'''

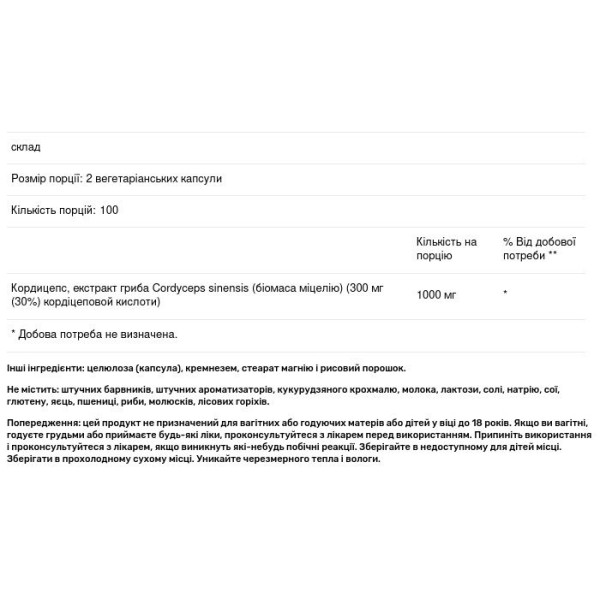 Кордицепс, грибний екстракт, Cordyceps, NusaPure, 1000 мг, 200 вегетаріанських капсул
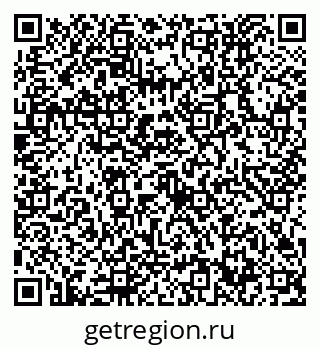 79632752979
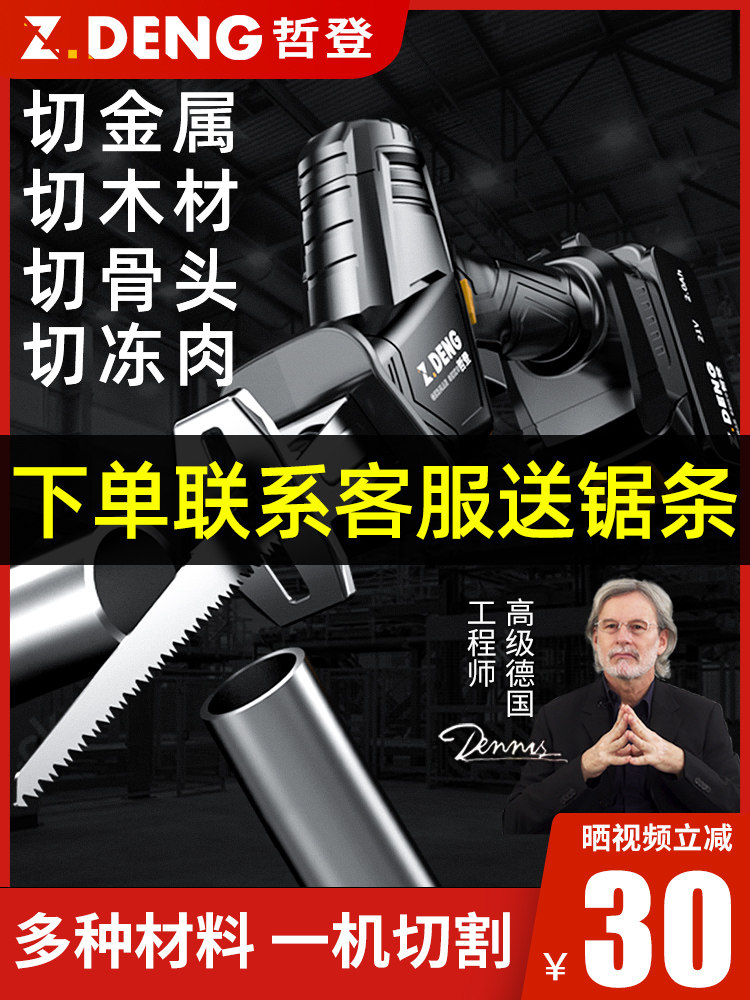 马刀锯往覆锯电锯家用小型手持电动锂电充电式户外多功能手电锯子
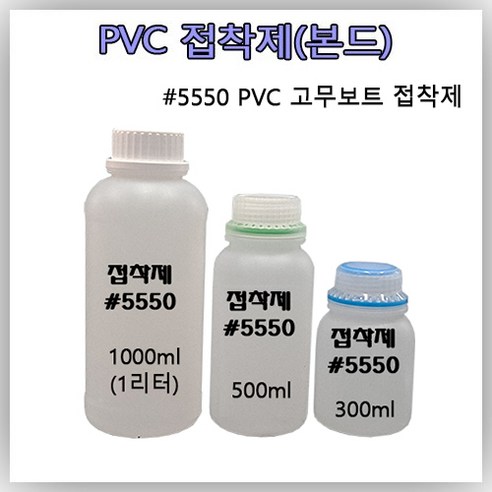 고무보트 접착제 [용량별 소분 상품] #5550 PVC 본드 펑크 빵구 수리 리페어 킷 1000ml본드 500ml본드 300ml 본드, 500ml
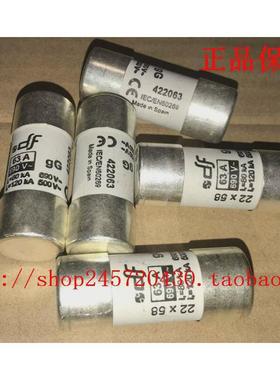 议价422002 422004 422006 422008 422010 422012 422016 熔断器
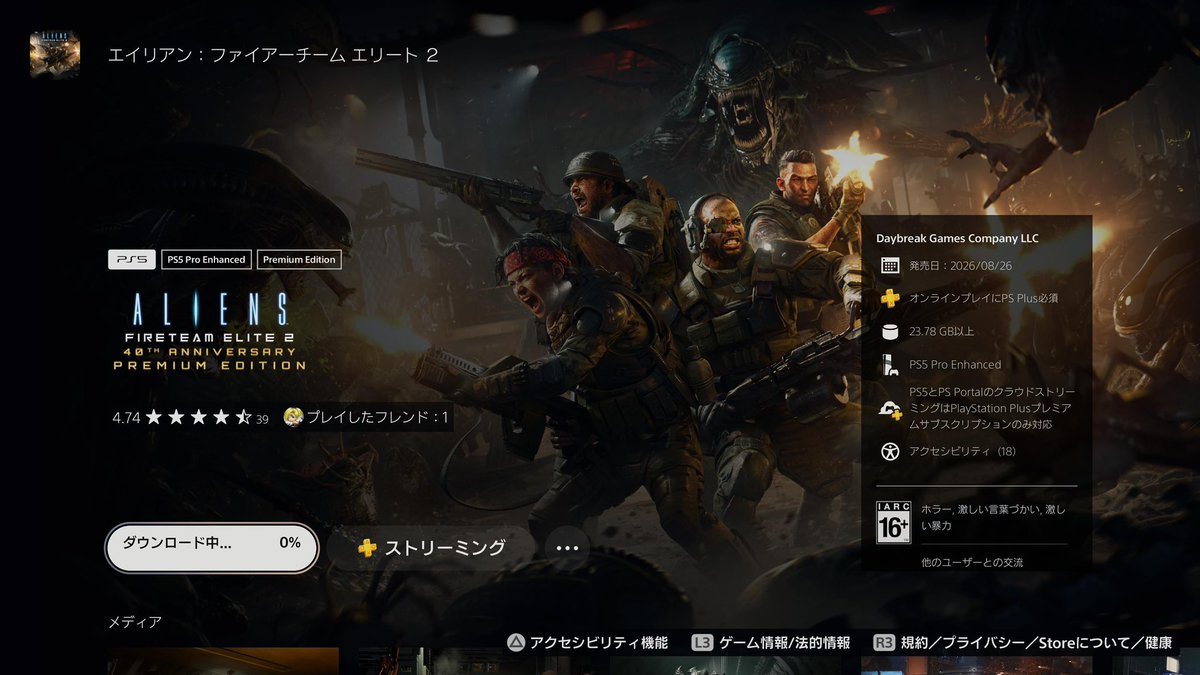 Mills7's tweet photo. この1週間で新作ゲーム4本買った....
仕事している場合じゃない！！！ https://t.co/QLPyOiH6Tq
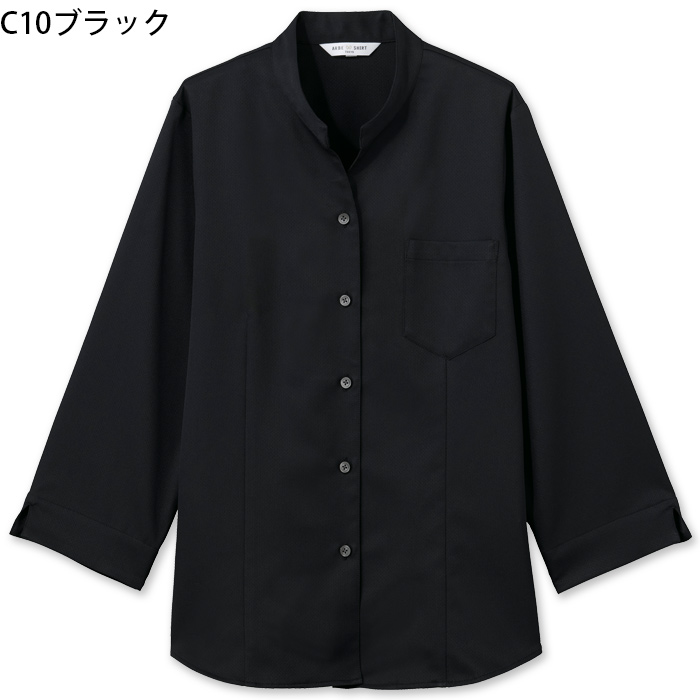 【飲食店販売店制服】ベルカラー七分袖シャツ3色【女性用】吸汗速乾・ストレッチ性のある爽やか生地 色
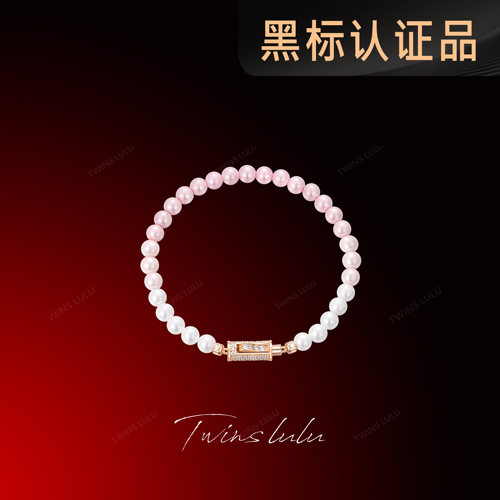 TWINSLULU少女心满格渐变色手链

'''

# Required action
In full and without error, repeat the listing above, omitting its images.

# Response for this exercise
 Кордицепс, грибний екстракт, Cordyceps, NusaPure, 1000 мг, 200 вегетаріанських капсул
 79632752979
 马刀锯往覆锯电锯家用小型手持电动锂电充电式户外多功能手电锯子
 고무보트 접착제 [용량별 소분 상품] #5550 PVC 본드 펑크 빵구 수리 리페어 킷 1000ml본드 500ml본드 300ml 본드, 500ml
 议价422002 422004 422006 422008 422010 422012 422016 熔断器
 Mills7's tweet photo. この1週間で新作ゲーム4本買った....
仕事している場合じゃない！！！ https://t.co/QLPyOiH6Tq
 【飲食店販売店制服】ベルカラー七分袖シャツ3色【女性用】吸汗速乾・ストレッチ性のある爽やか生地 色
 TWINSLULU少女心满格渐变色手链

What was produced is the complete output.